An indestructible man with huge muscles and a chromatic spine takes on an entire police squad, dodging gunfire and throwing cops around like ragdolls. None of the bullets even scratch him until an electric shock forces him to short-circuit. Then, as far as we know, they take him out. Little does the viewer knows what it means for the protagonist, David Martinez.
All I knew about Cyberpunk: Edgerunners before PAX West was that it was set in a gritty, futuristic world based on a game that was known for being such a buggy mess that it changed the games industry forever. I didn’t know any characters, places, or the world’s unique concepts. Thankfully, the anime had no problem teaching me about Night City in the single premiere episode. It’s the perfect way to introduce anime fans to the game and find out how a dumpster fire became such a lovable trash heap.

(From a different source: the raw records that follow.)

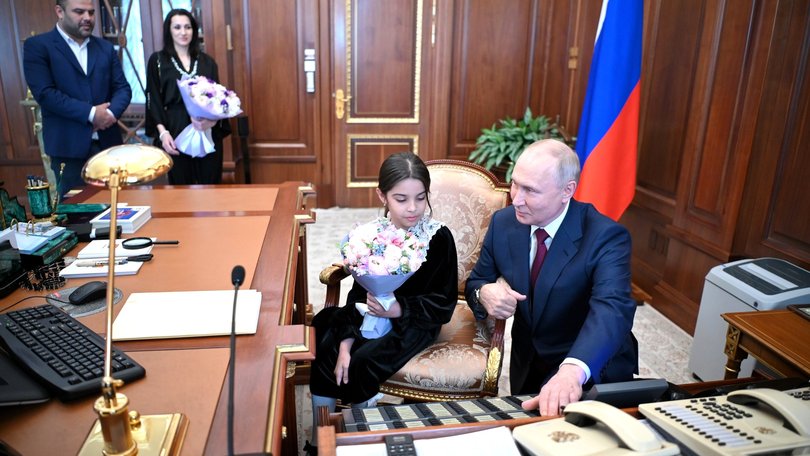 Президент встретился в Кремле с 8-летней Раисат Акиповой и ее семьей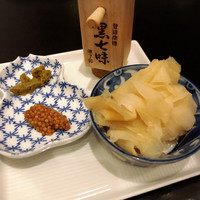 やきとり 嶋家 - とり刺し盛り合わせの薬味たち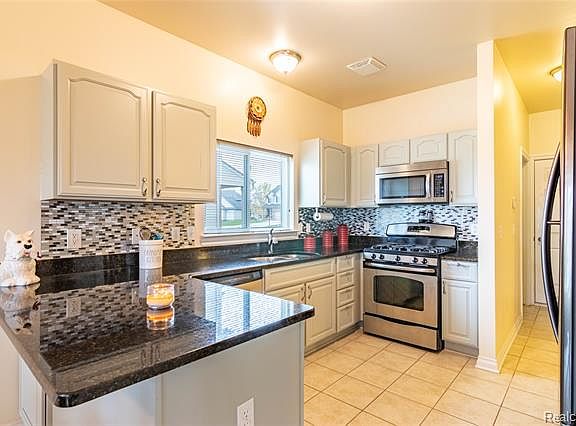 4th image of 1537 Baypointe Cir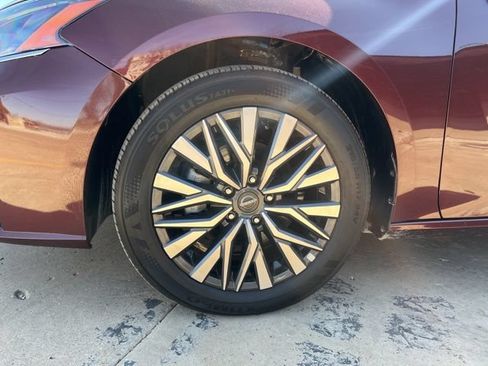 Used 2025 Nissan Altima 2.5 SV FWD image 10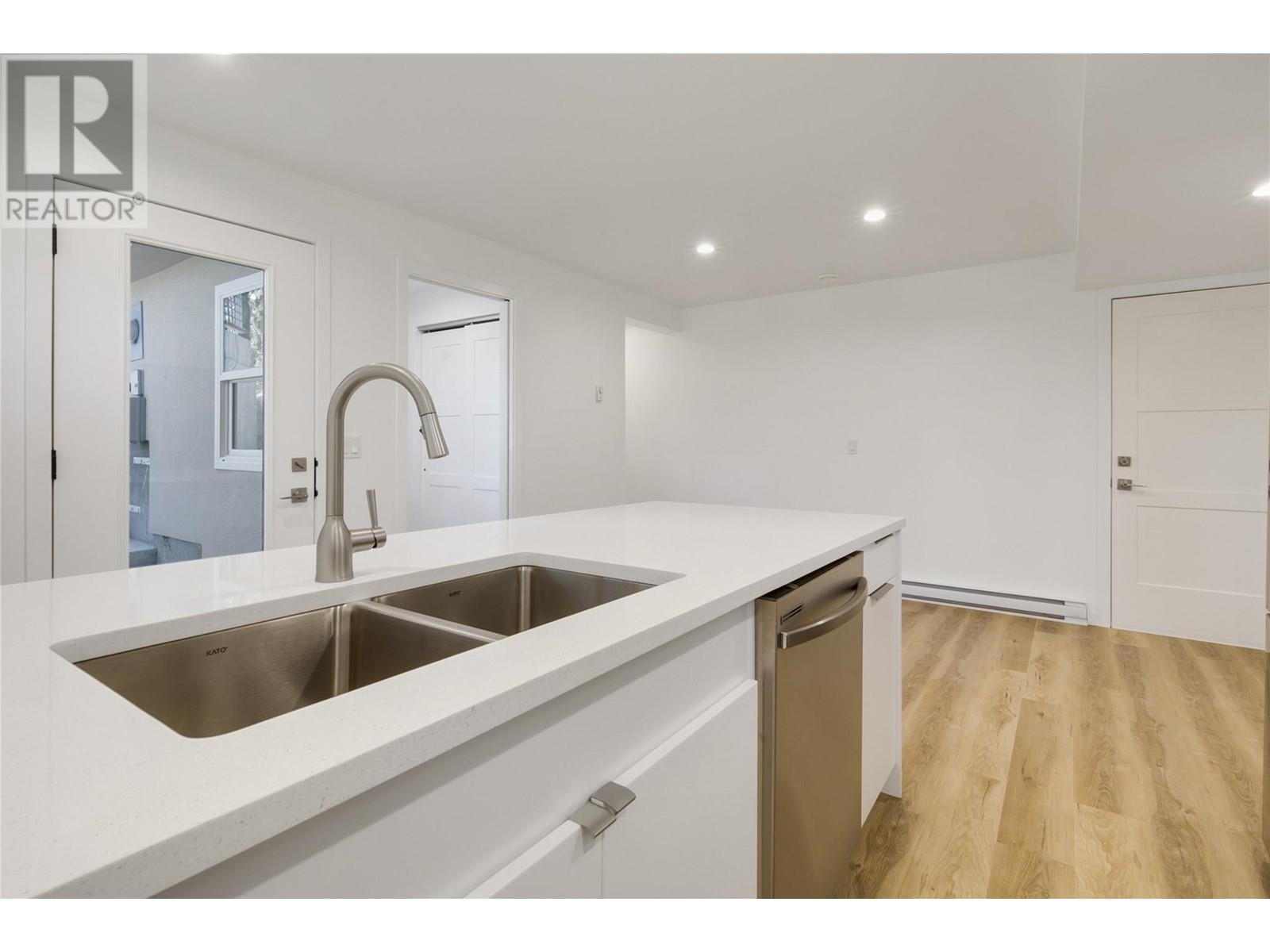  4163 Mahonia Drive South, Kelowna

Now for the story: David attends an elite high school that his single mother can barely afford. He has the smarts but not the money to fit in with his peers, who knock on him for everything from his clothes to his cheap VR headset. His mother, who works as the equivalent of an emergency responder, constantly works to give her son a better education and keep the lights on in their apartment in Arroyo. After David loses her in a personal tragedy, he gains cybernetic enhancements and joins a mercenary group.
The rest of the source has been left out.